Shares of Fluidigm (NASDAQ: FLDM) dropped over 14% today after the company reported first-quarter 2019 operating results. The business turned in a relatively strong quarter, meeting the top end of its revenue guidance and reporting 110% year-over-year sales growth for its most important business segment.
But it also reported higher-than-expected operating expenses after a surge in selling, general, and administrative costs. That's not a great development for a company scratching and clawing its way to profitability.
That said, the primary reason for the stock's double-digit decline today appears to be the market's reaction to the extinguishing of $150 million in convertible debt. It's called "convertible debt" because the notes are usually exchanged for shares of common stock at maturity, which means existing shareholders just got a decent amount of dilution thrown at them. The effect is blunted somewhat thanks to the stock's rise in recent months.
As of 1:35 p.m. EDT, the stock had settled to a 9.4% loss.
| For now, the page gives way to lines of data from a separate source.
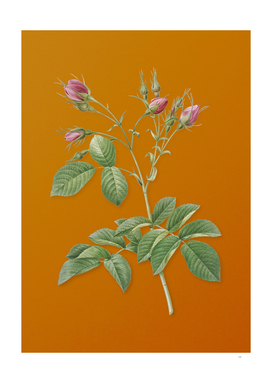 Evrat's Rose with Crimson Buds Botanical on Orange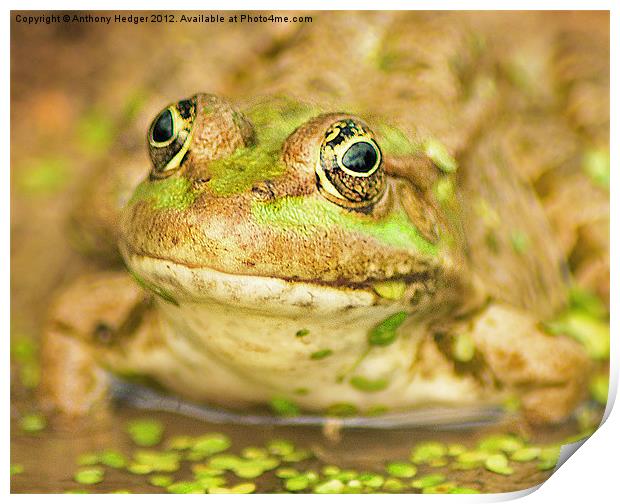 The Marsh Frog Print by Anthony Hedger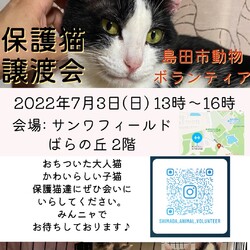 ネコの譲渡会IN島田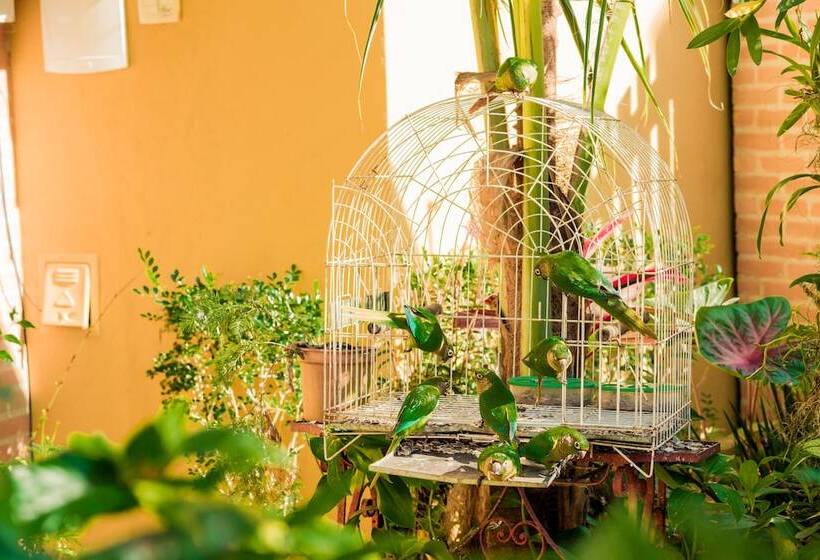 פנסיון Recanto Das Tiribas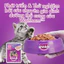 Pate WHISKAS 80g - Pate thức ăn ướt cho mèo_WHISKAS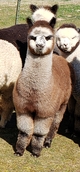 2019 Cria:  Beautiful male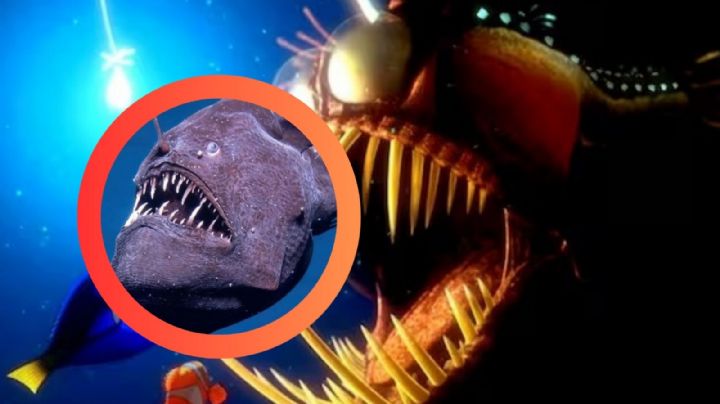 Captan un pez diablo negro a plena luz del día en la costa; es similar al de 'Buscando a Nemo' | VIDEO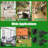 Humane Live Mouse Cage Easy To Catch And Release
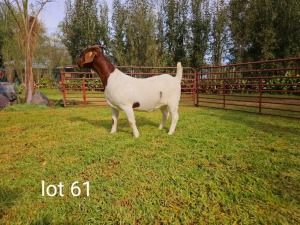 1X BOER GOAT FLOCK DOE Du Raan Boerbokstoet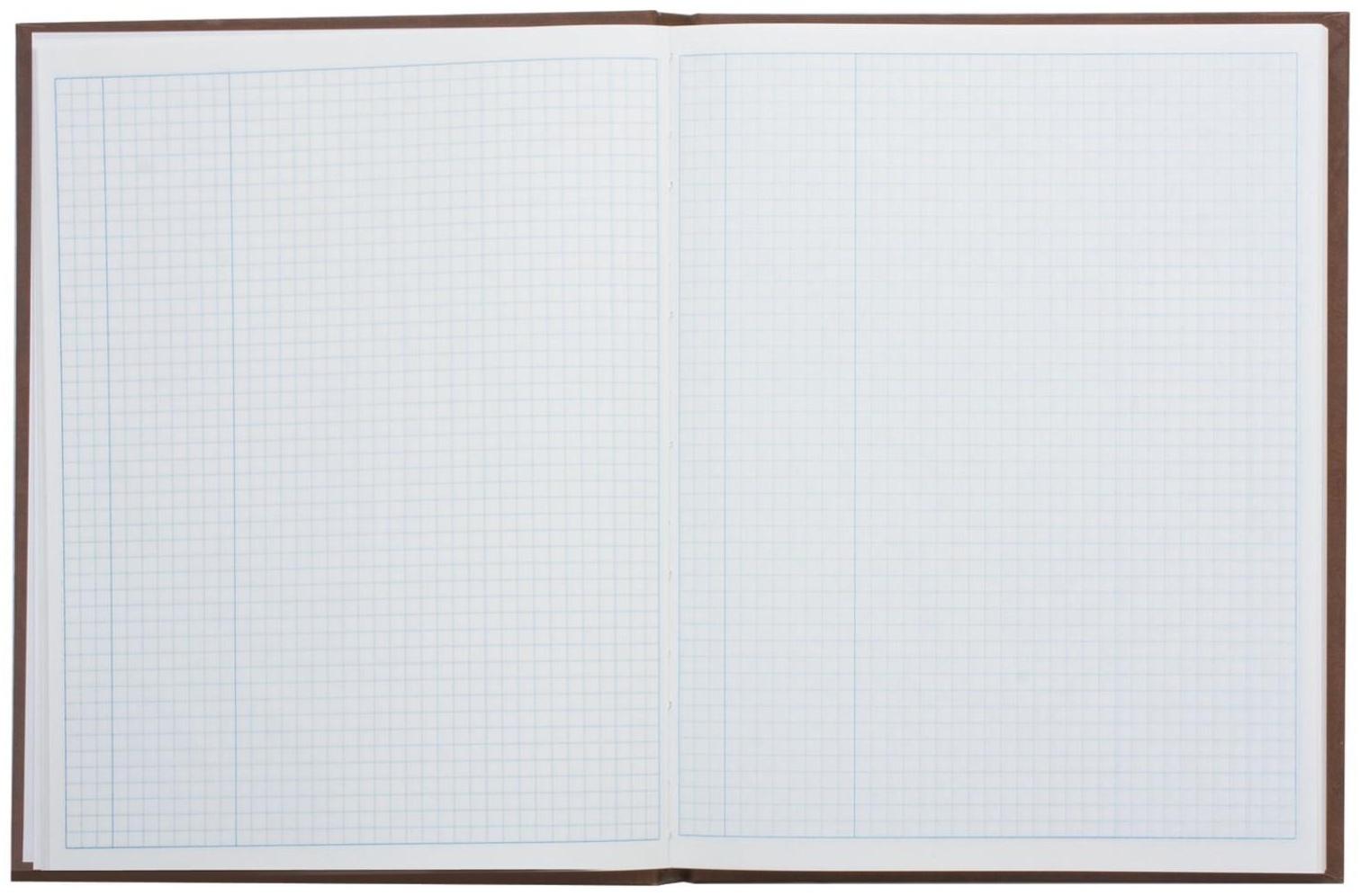 Книга учёта А4, 96 листов, 210x265 мм, в клетку, обложка бумвинил, пустографка, блок офсет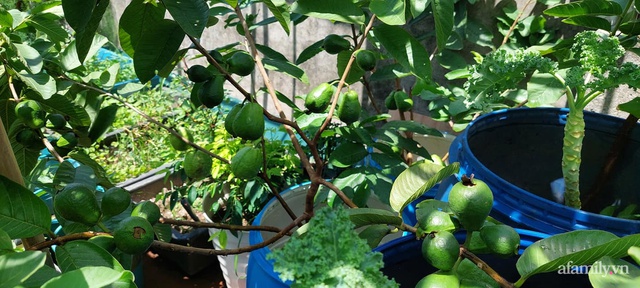 Sân thượng 50m² không khác gì trang trại với đủ loại rau quả sạch theo mùa của mẹ đảm ở Hà Nội - Ảnh 7.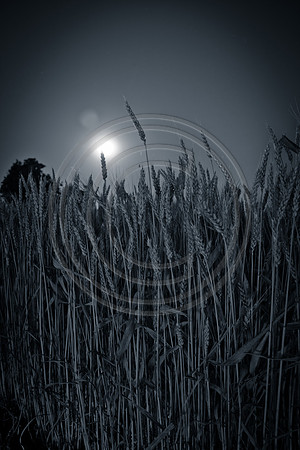 Early Wheat (1 of 2)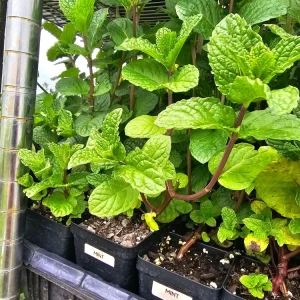 Spearmint Live Plant – Aromatic Herb, 2.5 inch Pot – Culinary & Medicinal - Image 2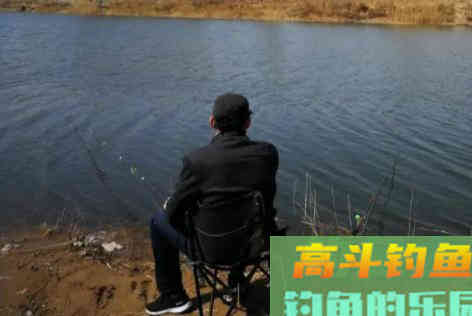 浮漂有动作后，要在什么时间提竿呢
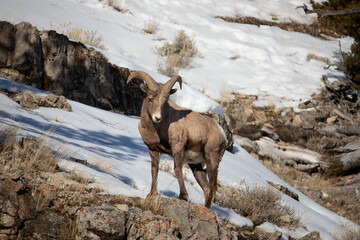 Big Horn Sheep looking down a snow slope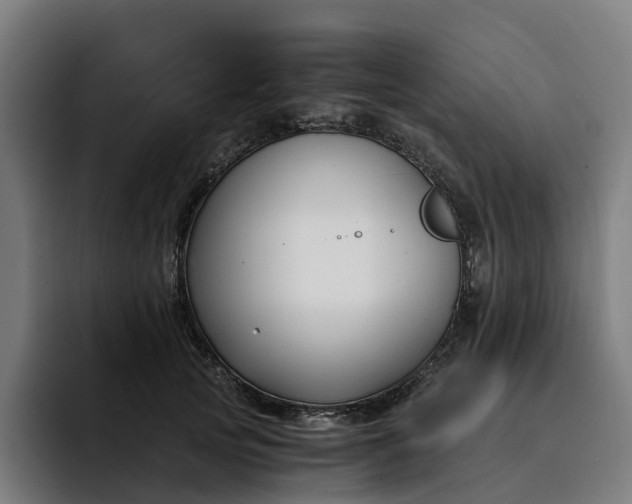 X0000094360753200711162050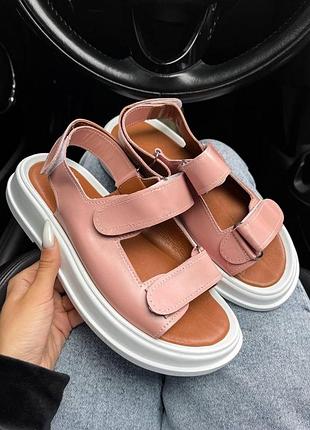 No brand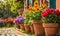 An array of terracotta flowerpots cradling an assortment of colorful flowers, captured with a shallow depth of field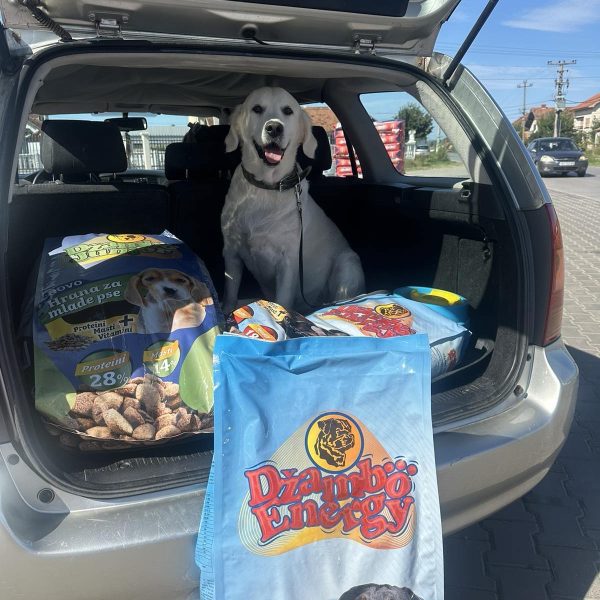 Pas u kolima sa Džambo energy hranom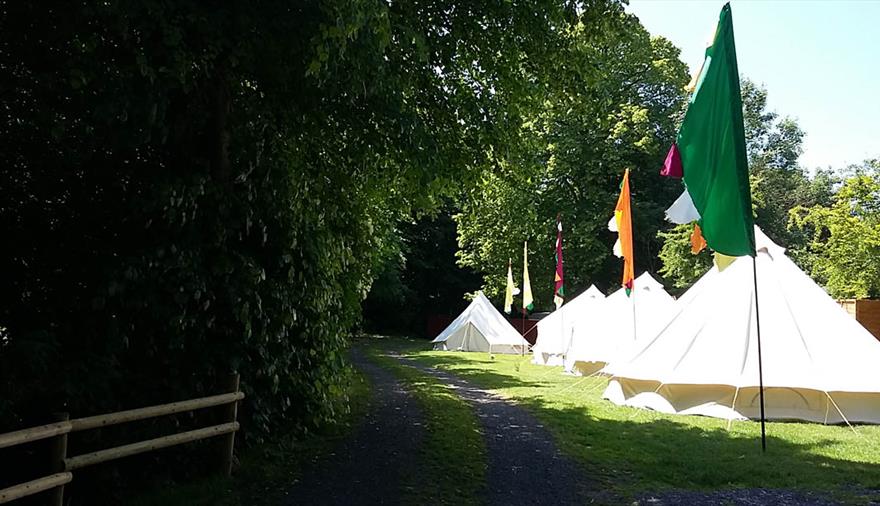 Brook Lodge Farm Camping tents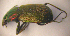  ( - BC ZSM COLA 00104)  @12 [ ] CreativeCommons - Attribution Non-Commercial Share-Alike (2010) Unspecified SNSB, Zoologische Staatssammlung Muenchen
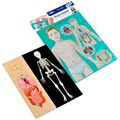 Игра Магнитные истории Анатомия 03820 634-694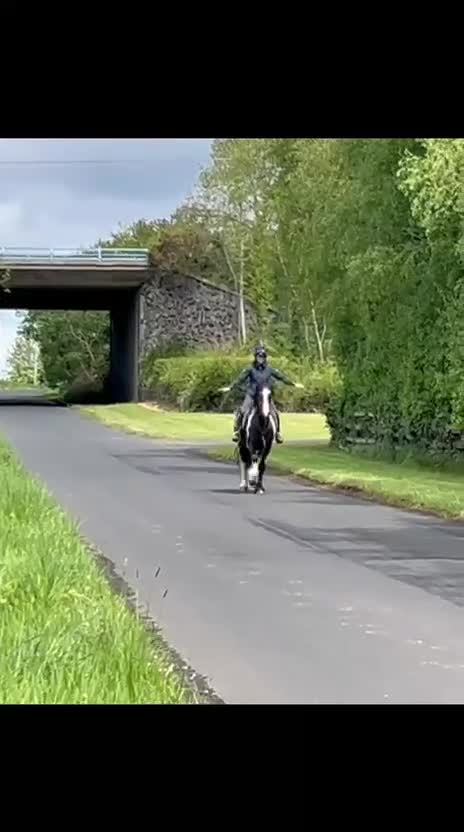 Allround hästar till salu: Snygg, trygg och reslig valack! 💙 - Video 5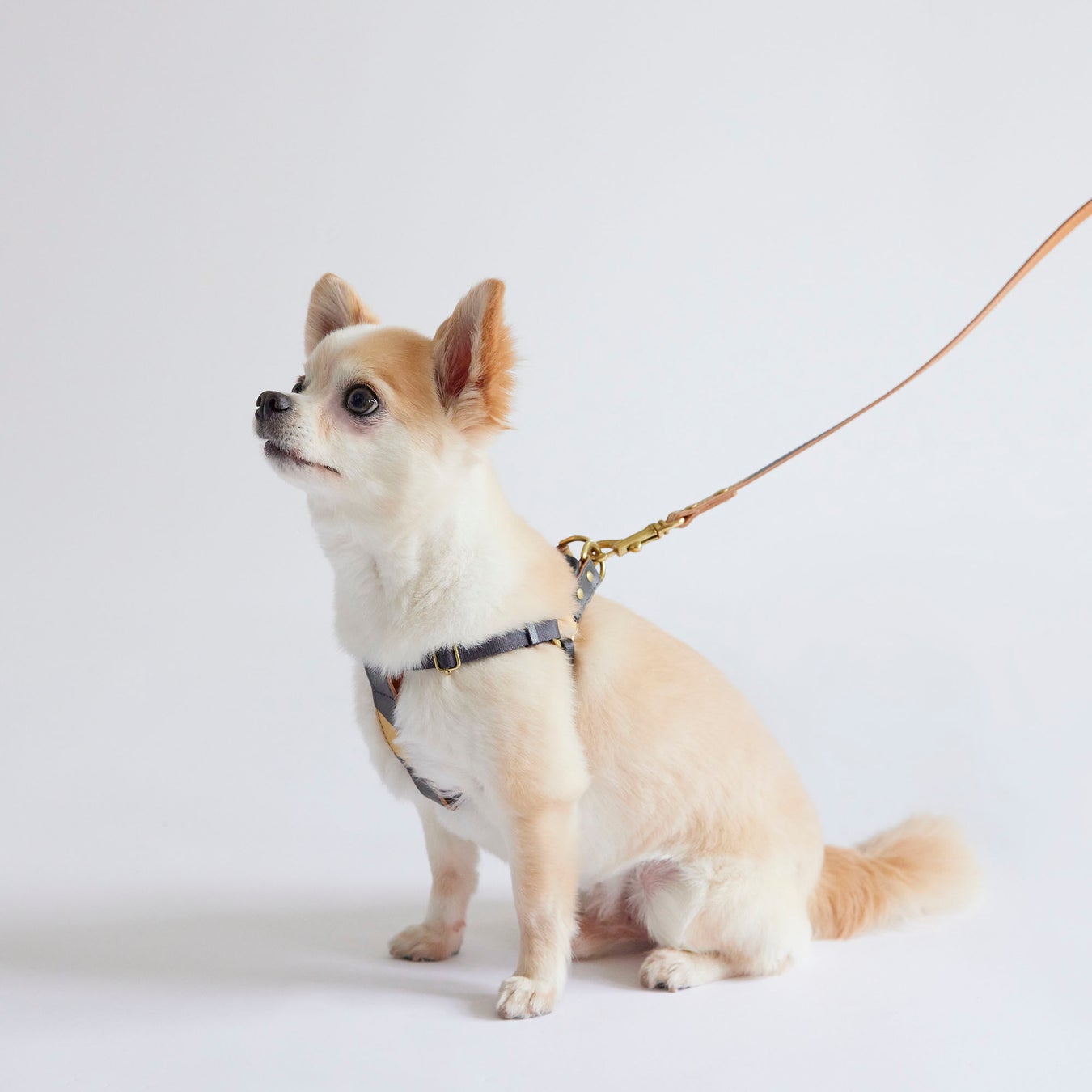 Idee Ideeから初めてペット用グッズ Milou By Idee を新発売 株式会社良品計画のプレスリリース Idee Ideeから初めてペット用グッズ Milou By Idee を新発売 株式会社良品計画のプレスリリース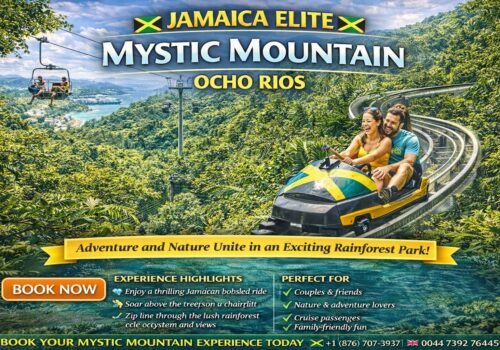 Mystic Mountain – Jamaica’s Premier Rainforest Adventure Park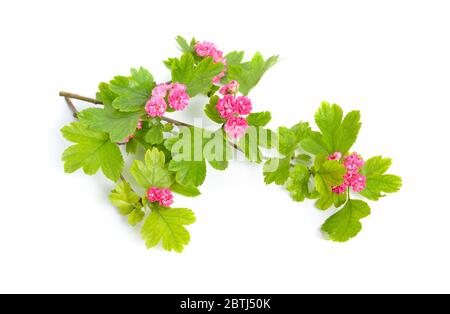 Fleurs rouges Crataegus hawthorn épineux pommier May-arbre, blanchâtin ou baies. Isolé Banque D'Images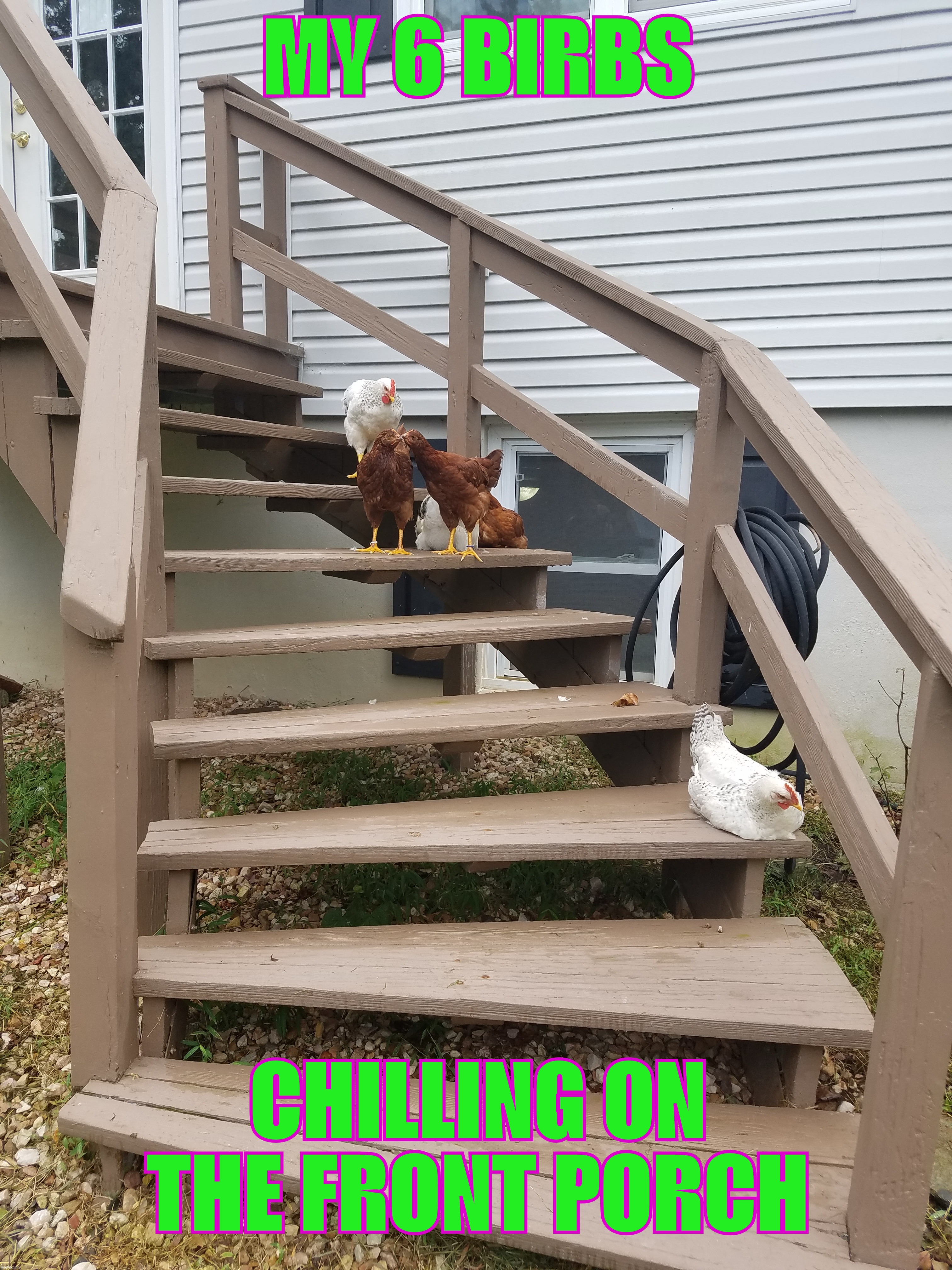 I love my chicken nuggies |  MY 6 BIRBS; CHILLING ON THE FRONT PORCH | image tagged in why did the chicken cross the road,look at all those chickens,chicken nuggets | made w/ Imgflip meme maker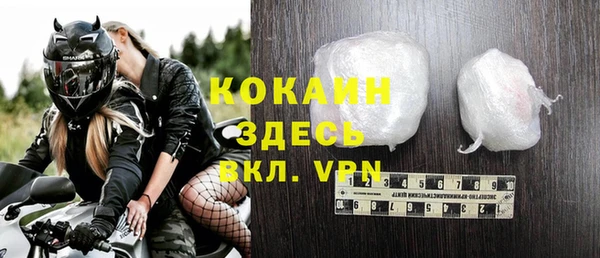 дмт Костерёво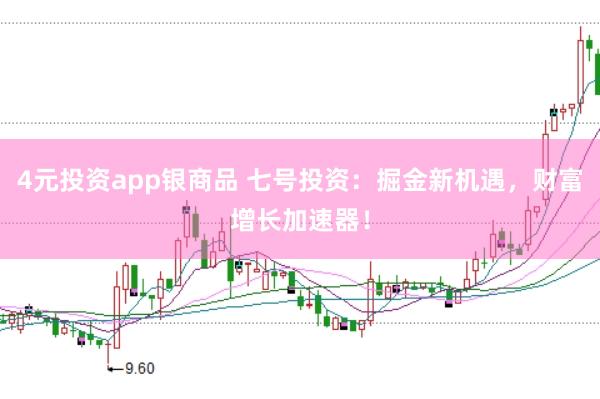 4元投资app银商品 七号投资：掘金新机遇，财富增长加速器！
Image source: Getty Images.
While the dilution from the convertible debt transaction stings, Fluidigm gained a significant amount of financial flexibility. It exited March with $75 million in cash, cash equivalents, and investments. Furthermore, the 75% reduction in debt balances should save close to $4 million in annual interest expense. Every little bit helps.
A 110% year-over-year increase in mass cytometry segment sales helped to drive gross margin to 56.4% in Q1 2019, up from 53.2% in the prior-year period, and led to a 19% increase in total revenue. Surprisingly, most of the overall revenue gains came from instrument sales, which grew 71% from the year-ago period. Revenue from consumables (the chemical reagents needed to operate the company's instruments) declined 7% in that span, while service revenue jumped 11%. Of course, higher instrument sales today mean the installed base of machines is increasing, which should lead to higher consumables sales tomorrow.
Management expects the momentum to continue in the second quarter. Guidance calls for revenue of about $30.5 million and operating expenses of about $30 million -- both identical to Q1 2019 guidance. Fluidigm expects total cash outflows in the neighborhood of $5 million in Q2 2019, which would mark a sharp improvement from the nearly $30 million decrease in cash and cash equivalents from the prior three months.
The business is on a promising trajectory thanks to successfully pouncing on the market opportunities in mass cytometry. With the high-margin segment contributing a greater share of total revenue, Fluidigm will move closer to profitable operations over the coming years.